▶ [Record extracts]
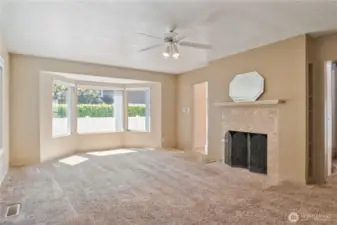 Spacious living room with tons of natural light and wood fireplace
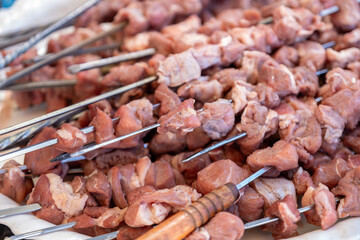 The raw meat pieces are ready to be grilled over the fire and threaded onto metal skewers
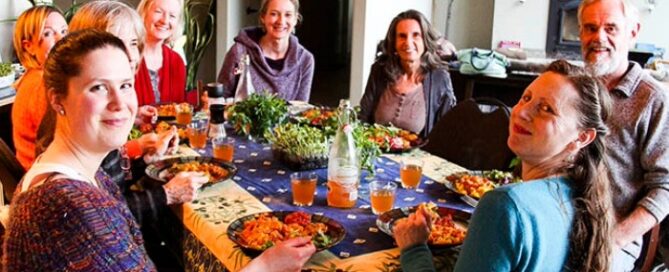 My guests eating a healthy vegan dinner on retreat in Canada - with Anastasia Eden
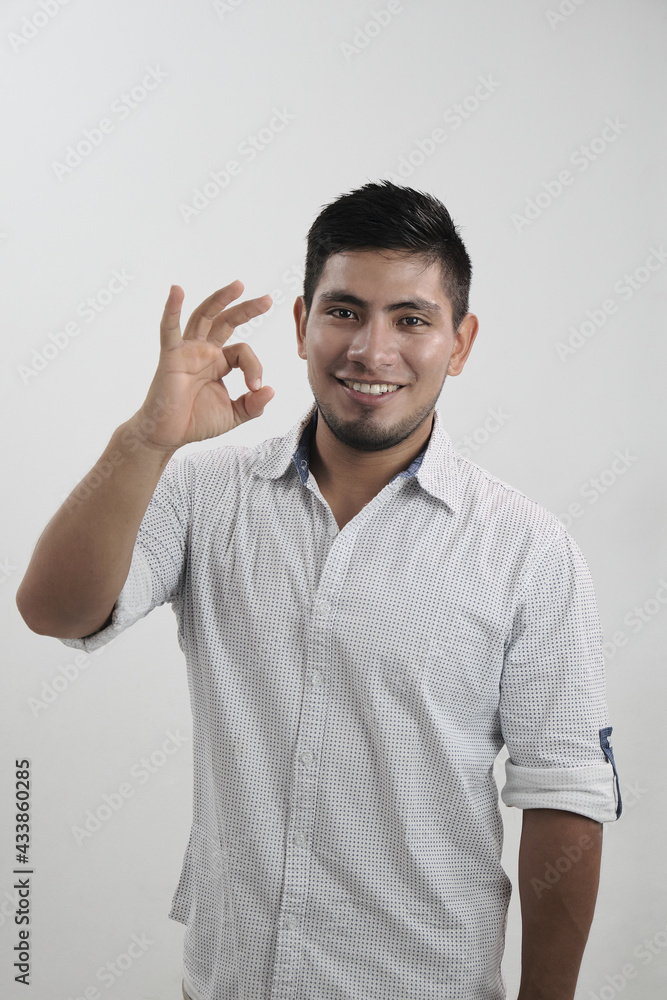 Hombre latino sonriendo haciendo gesto de aprobación okey Hombre latino sonriendo haciendo gesto de aprobación okey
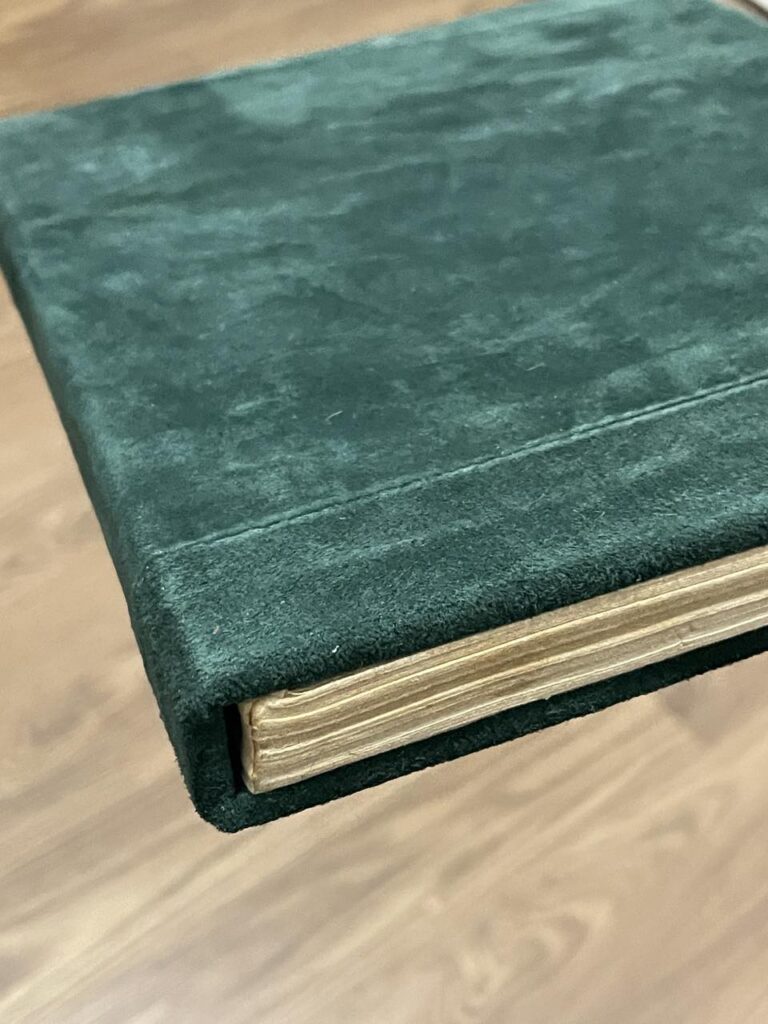 book with green leather cover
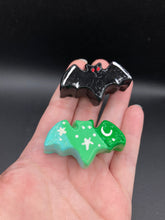 Load image into Gallery viewer, Cute and spooky magnet design to adorn your refrigerator, lockers, workstation, toolbox, or dishwasher. This hand-sculpted clay bat statuette boasts stunning ombre coloration, transitioning from dark green to light green then to light blue and all black bat with white highlights to recreate the breathtaking look of a starry night sky. H 1” x W 2” x D 1/2”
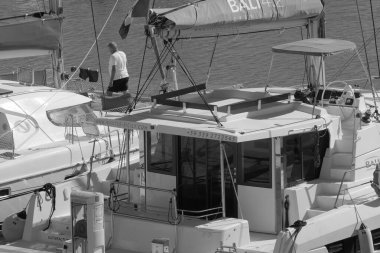 İtalya, Sicilya, Akdeniz, Marina di Ragusa (Ragusa Eyaleti); 29 Ekim 2023, limandaki bir katamaran yelkenli teknesinde adam - EDITORIAL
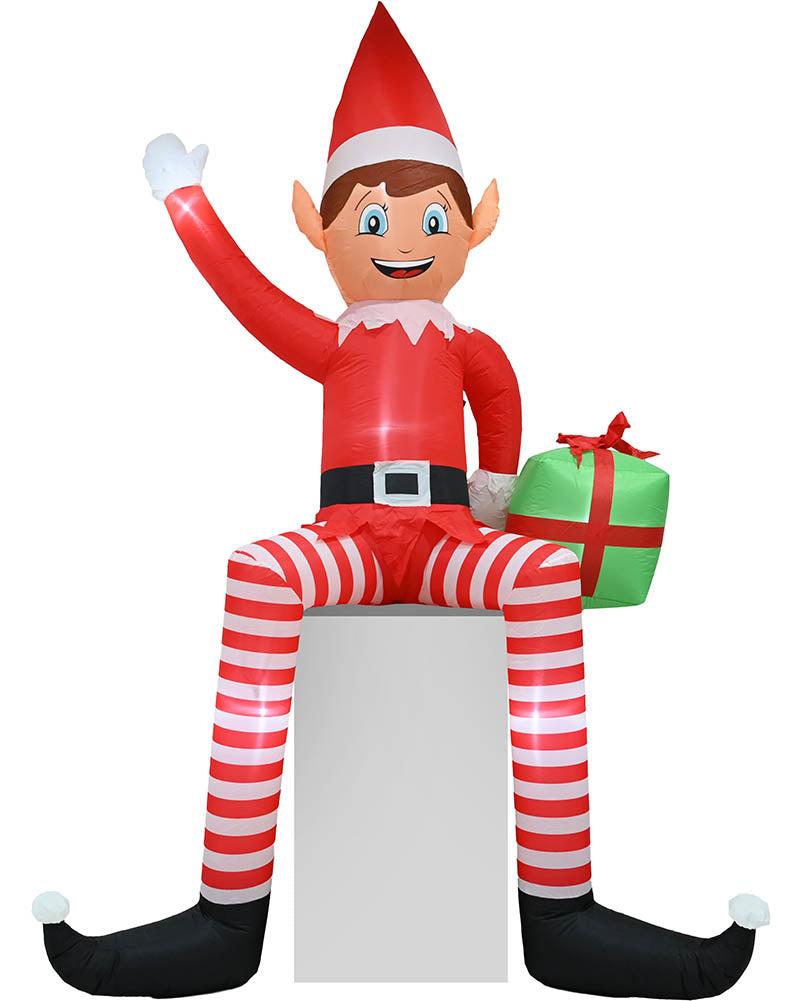 An inflatable Elf on the Shelf Christmas decoration sitting on a white block, wearing a red and white striped outfit with a green gift box, isolated on a white background.
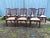 Set of Eight Vintage Chippendale Style Cherry Carved Dining Chairs. Well carved details, sturdy and comfortable Unmarked,...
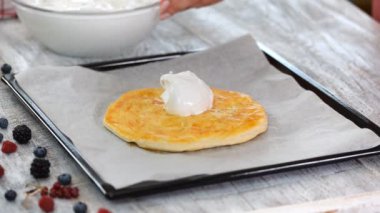 Kadın pişmiş puf böreği üzerine beze koyar. Yaz meyveleri ile katmanlı kek yapma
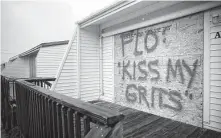  ?? Chip Somodevill­a / Getty Images ?? A spray-painted message is left on a boarded-up condominiu­m in Atlantic Beach, N.C. Florence is expected to dump heavy rains.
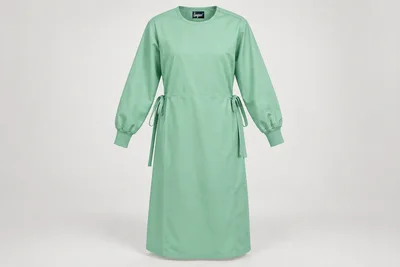 OT and Procedure Gowns — Unisex mint-green calf-length cloth procedure-gown concept with long sleeves and narrow fabric cuffs, waist ties. product front. Illustrative catalogue concept.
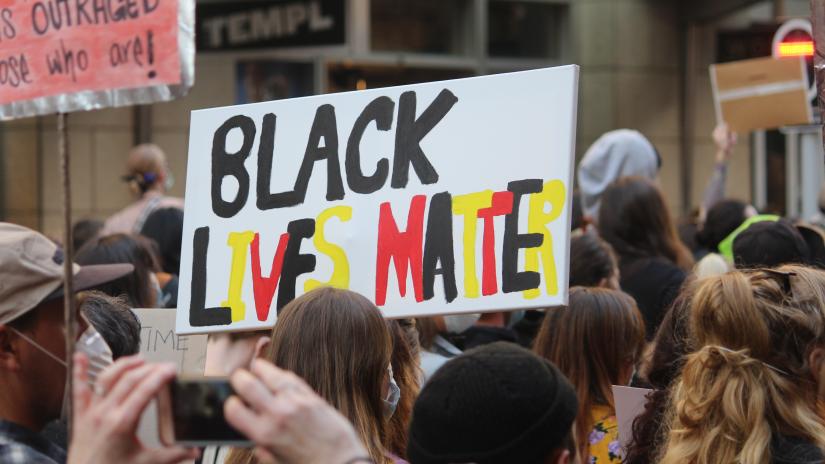 Black Lives Matter sign at protest. Image: Adobe Stock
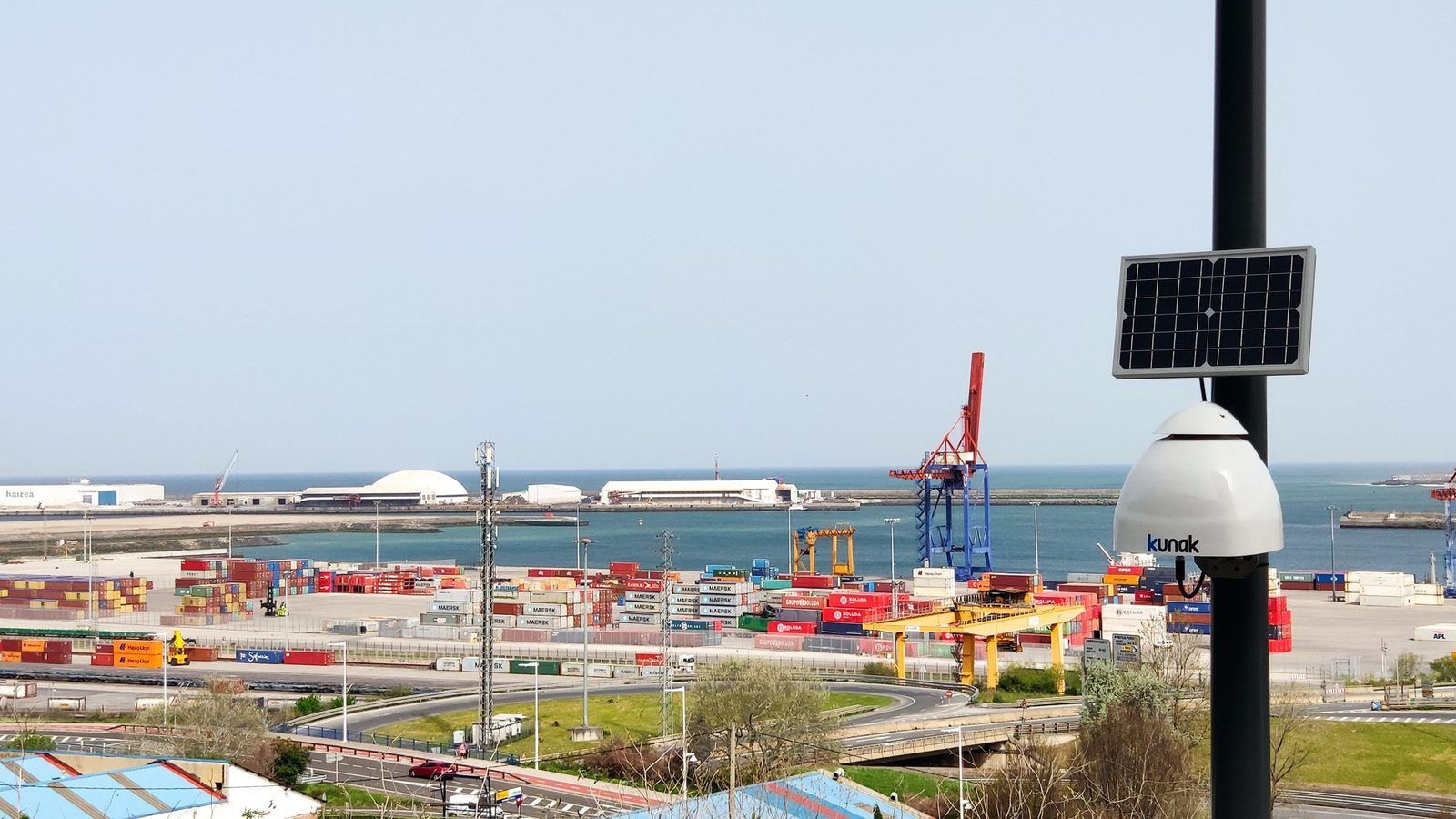Solar-powered Kunak AIR Pro air quality sensor installed in a port environment. - Kunak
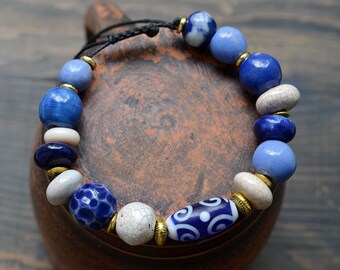 Pode incluir: Um bracelete de contas de cerâmica azul e branco com detalhes dourados. O bracelete é feito de contas de diferentes tamanhos com diferentes padrões e texturas.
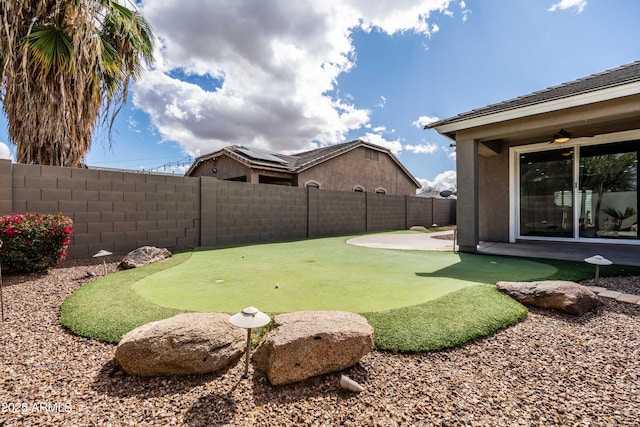 view of yard with a patio area, a fenced backyard, and ceiling fan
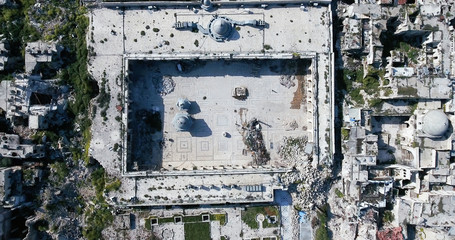 destroyed mosque of Aleppo in aerial view, filmed by a drone, syria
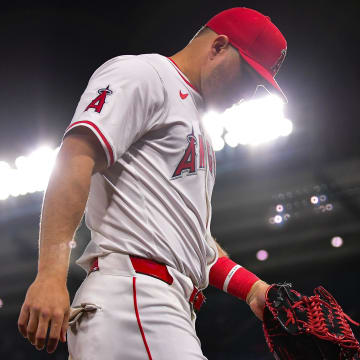 Apr 23, 2024; Anaheim, California, USA; Los Angeles Angels center fielder Mike Trout (27) returns to the dugout following the sixth inning against the Baltimore Orioles  at Angel Stadium. Mandatory Credit: Gary A. Vasquez-USA TODAY Sports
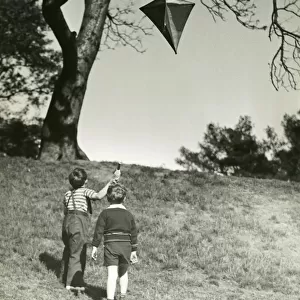 Small boys flying kite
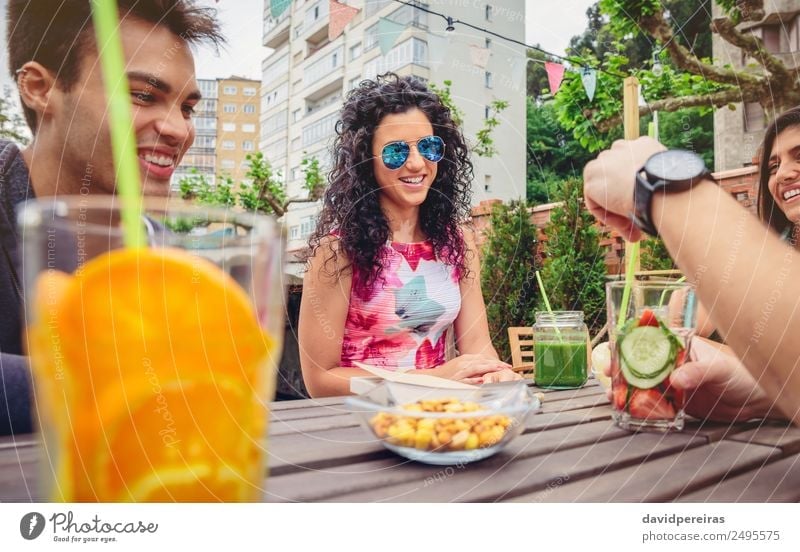 Young woman talking with friends in a summer day Vegetable Fruit Beverage Lifestyle Joy Happy Beautiful Leisure and hobbies Vacation & Travel Summer Garden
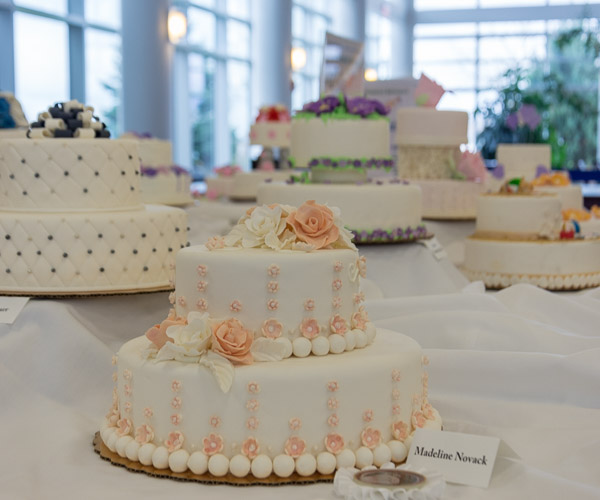 A colorful display of cakes in the library is among end-of-semester work by hospitality students.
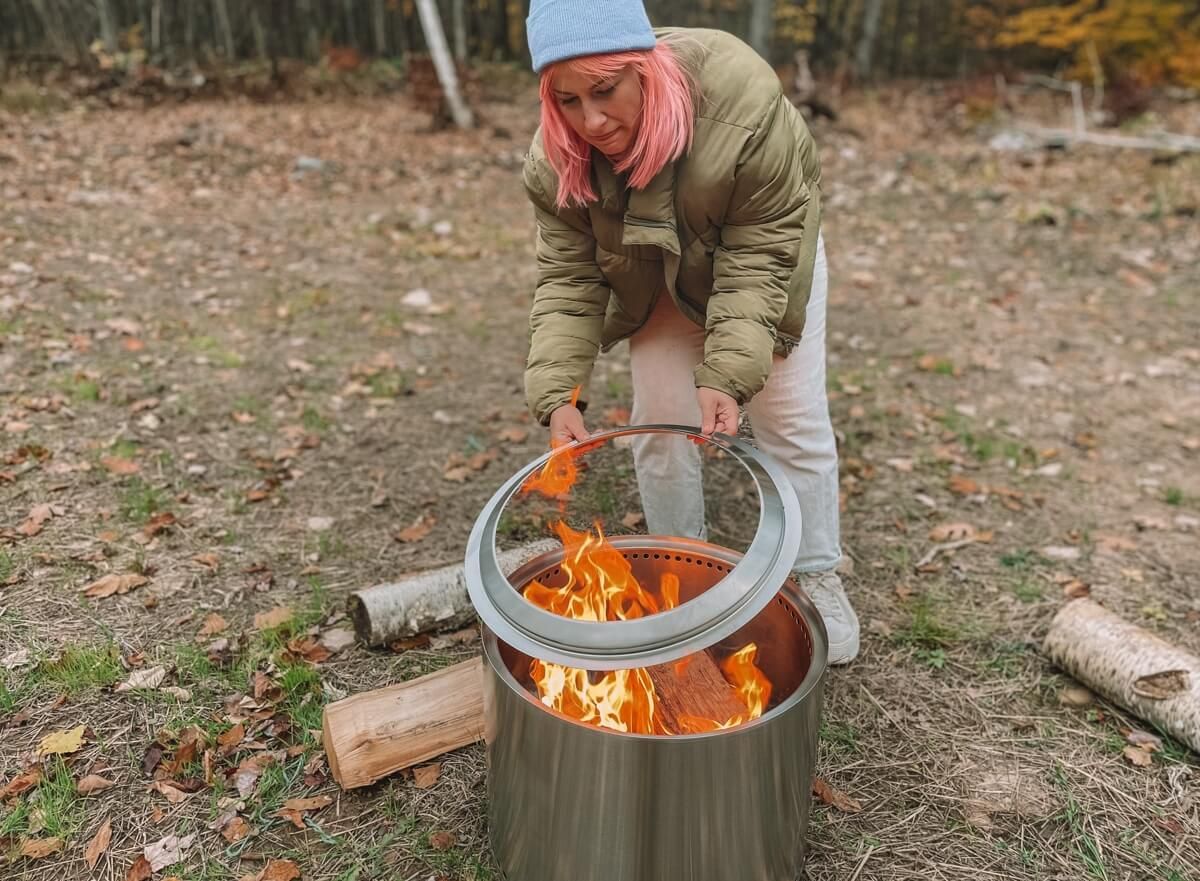 A woman i a green puffy coat with pink hair places the metal rim on a Solo Stove as bright orange flames roar inside.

▶ [What you are asked to do]
Nothing outside the stretch above, from the line with "Young woman talking" through the line with "A colorful display", is set down. Transcribe that stretch exactly, ends included, but not its pictures.

▶ [Expected answer]
 Young woman talking with friends in a summer day Vegetable Fruit Beverage Lifestyle Joy Happy Beautiful Leisure and hobbies Vacation & Travel Summer Garden
 A colorful display of cakes in the library is among end-of-semester work by hospitality students.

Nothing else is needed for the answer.